- **WHAT TO DO**:
The answer is the full set of records, given again exactly and without images.

- **AVAILABLE DATA**:
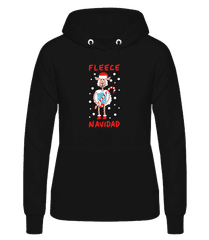 Fleece Navidad · Frauen Basic Hoodie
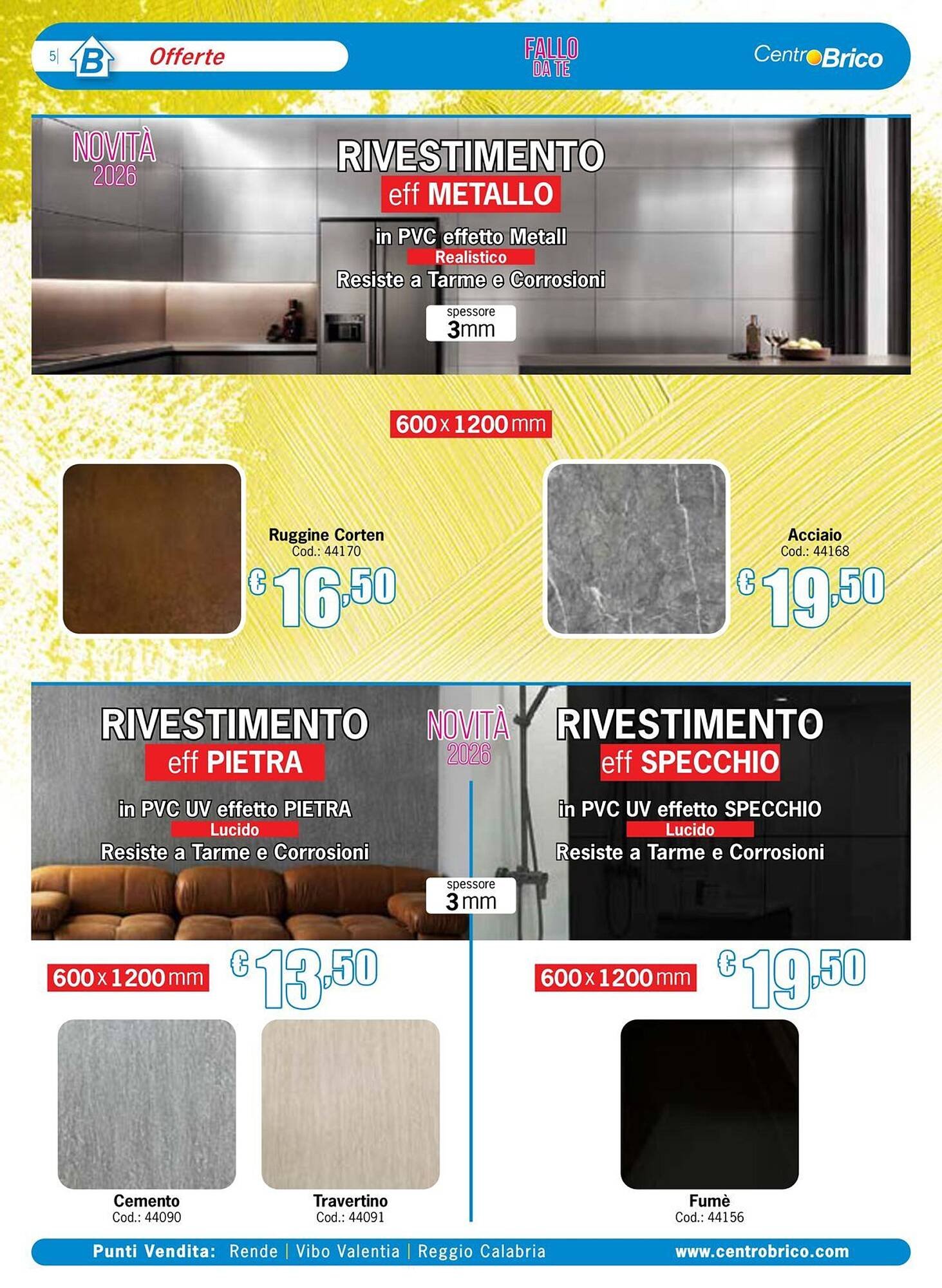 Volantino Centro Brico (2026-04-09 - 2026-12-31)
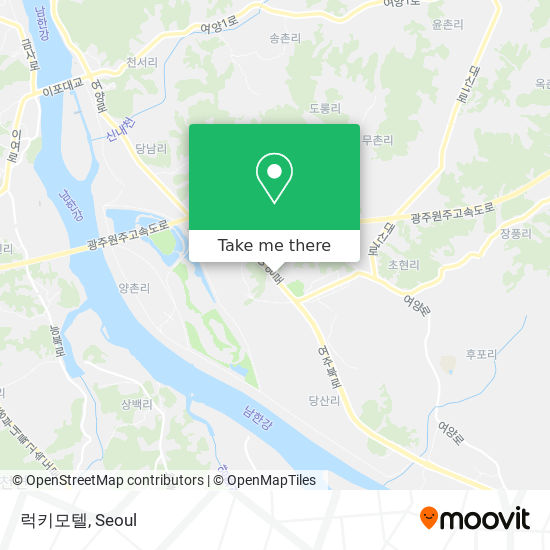 럭키모텔 map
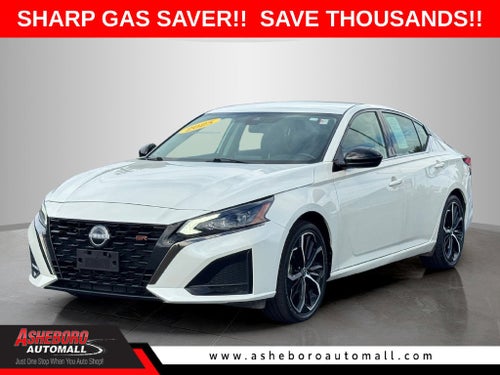 2025 Nissan Altima 2.5 SR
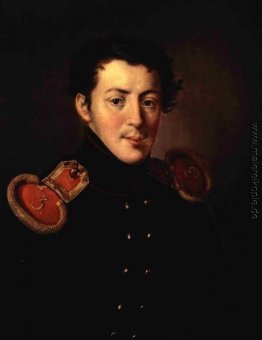 Portret Kapitänleutnant Iwan Wassiljewitsch Alymova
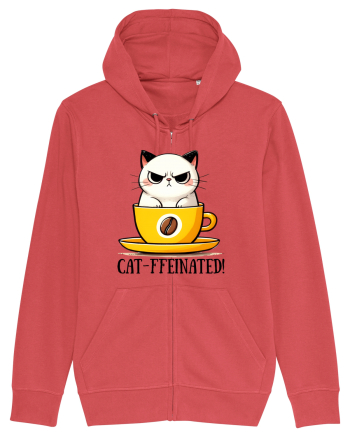 Cat-ffeinated - pentru iubitorii de cafea Carmine Red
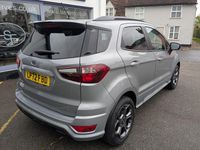 Używany Ford Ecosport ST-Line 123 KM (90 kW) 2022 Srebrny SUV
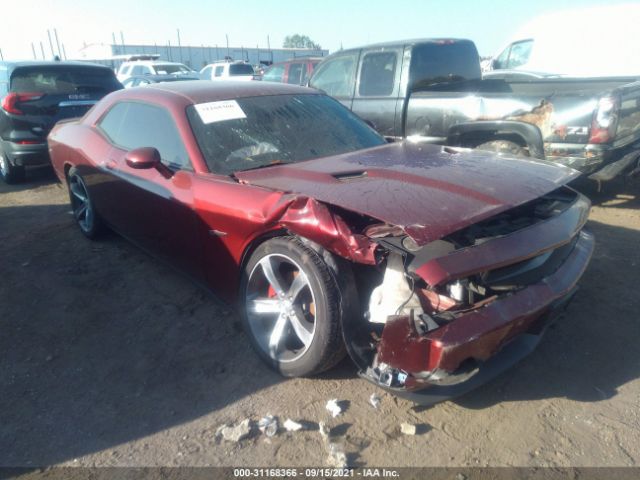 DODGE CHALLENGER 2014 2c3cdybtxeh218624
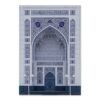Toile Mosquée de Tachkent Bleue - 5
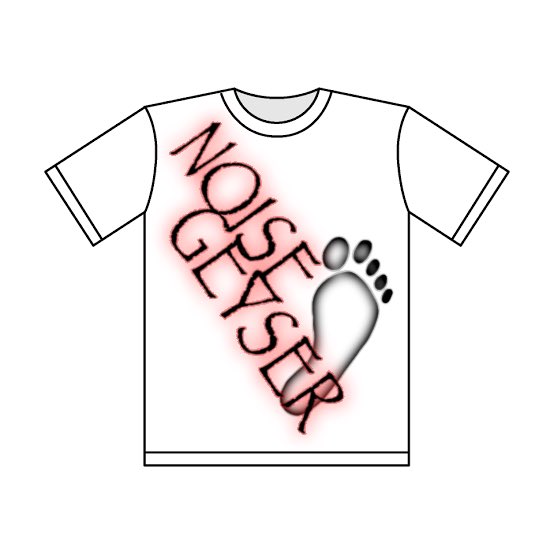 yuu_noise's tweet photo. バンドTシャツ案 https://t.co/kjiNcQ9epH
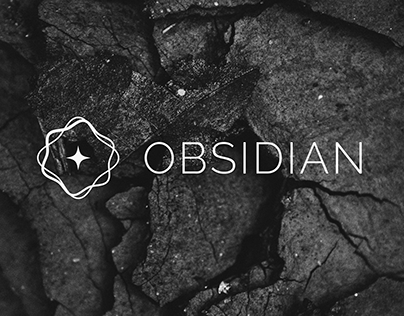 Obsidian ( BRANDING ) identity design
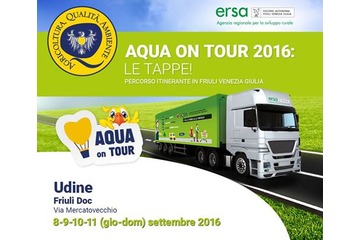 AQUA ON TOUR a Friuli doc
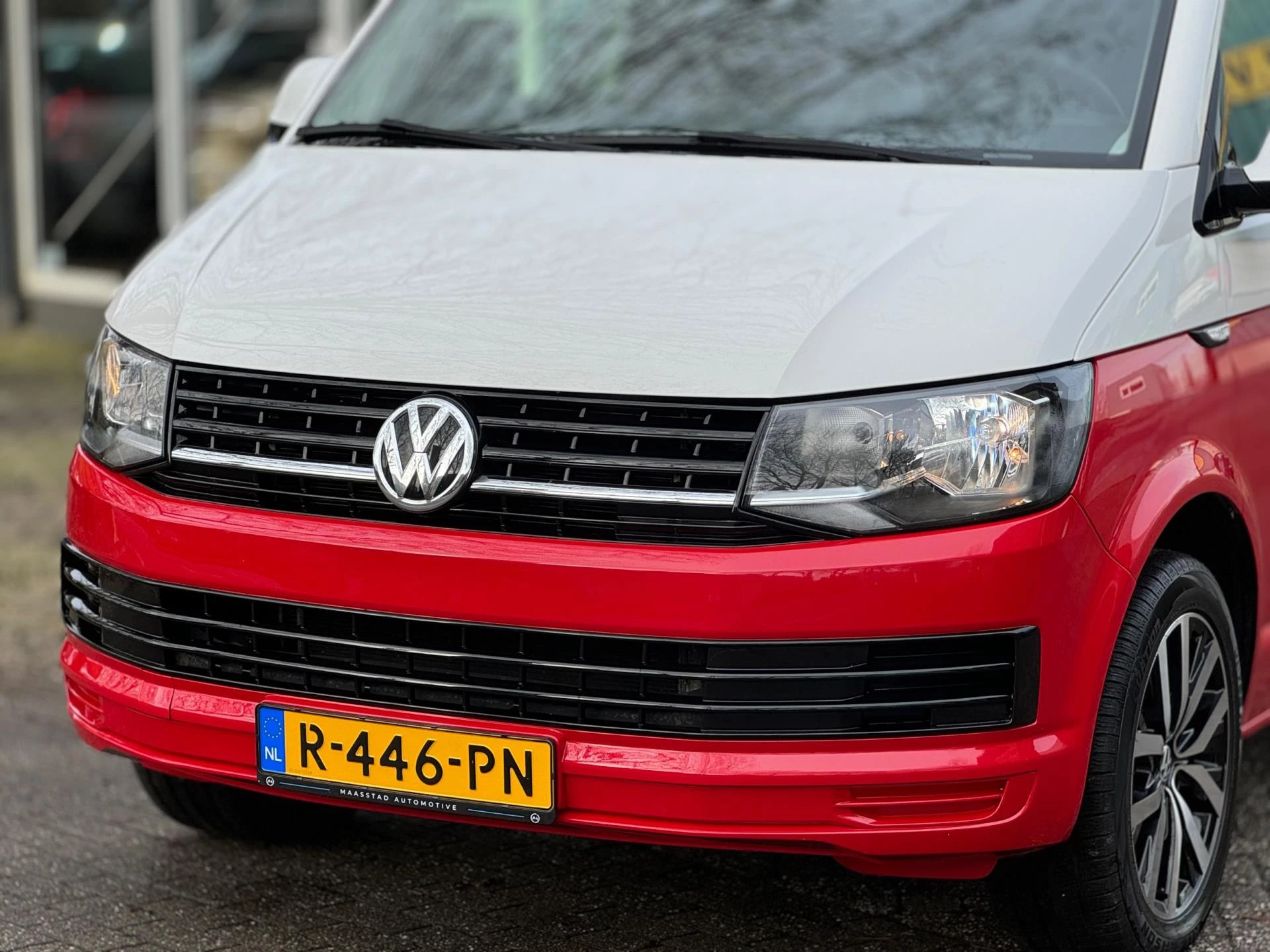 Hoofdafbeelding Volkswagen Transporter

- **ANSWER SPACE**:
 Fleece Navidad · Frauen Basic Hoodie
 Volantino Centro Brico (2026-04-09 - 2026-12-31)
 럭키모텔 map
 2025 Nissan Altima 2.5 SR
 Portret Kapitänleutnant Iwan Wassiljewitsch Alymova
 Cat-ffeinated - pentru iubitorii de cafea Carmine Red
 Używany Ford Ecosport ST-Line 123 KM (90 kW) 2022 Srebrny SUV
 DODGE CHALLENGER 2014 2c3cdybtxeh218624
Toile Mosquée de Tachkent Bleue - 5
 yuu_noise's tweet photo. バンドTシャツ案 https://t.co/kjiNcQ9epH
 Obsidian ( BRANDING ) identity design
 AQUA ON TOUR a Friuli doc
 Hoofdafbeelding Volkswagen Transporter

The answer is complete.